The Texas Legislature wants couples planning to get married to put the same amount of effort into making their marriage last as they do into the wedding details.
With the stroke of a pen, Governor Rick Perry could increase the cost of marriage licenses from $30 to $60 if the couple applying for the license has not completed any type of marriage counseling. If the couple successfully completes a counseling course, the state would waive the fee completely when they applied for their license.
Some Brazos Valley residents said counseling is a good way to ensure the bliss of marriage last long after the ceremony. One of those residents is Jill Plemons, co-owner of Blissful Wishes Bridal.
"I think some of these girls think that it's just the most marvelous thing in the world and they don't realize the severity of it," Plemons said.
She said from what she has seen recently, it is a good idea.
"This year, we've had a lot more cancellations of weddings," Plemons said.
Bride-to-be Kathryn Herzig is in the middle of marriage counseling, and believes the state motivating couples to seek counseling would initiate conversations on those topics that could end a marriage.
"It's a good thing to realize that sometimes you might have forgotten something that you might need to go over -- financial situations -- or just realize that it's a big step in your life," Herizg said.

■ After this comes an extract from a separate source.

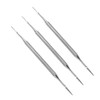 WOONEKY 3pcs Toenail File Tool Professional Nail Cleaning Instrument Double-ended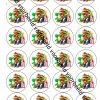 Eetbare cupcakeprint super mario 2 - 24 cupcake rondjes bij cake, bake & love 1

Should Governor Perry sign the bill, the state would accept counseling completion certificates from the following organizations and professionals: marriage educators, licensed mental health professionals, faith-based organizations, community-based organizations, and members of the clergy or their designees.
Living Hope Baptist Church Pastor Butch Smith said like some other clergymen, he refuses to marry a couple which has not benefited from the goal of marriage counseling.
"It forces you to deal with some issues and understand how you're complimentary as a couple and so that you can work issues out where there are definitely inevitable disagreements," Smith said.
Smith said it's very possible the bill could prepare couples "I Do's" for the long haul.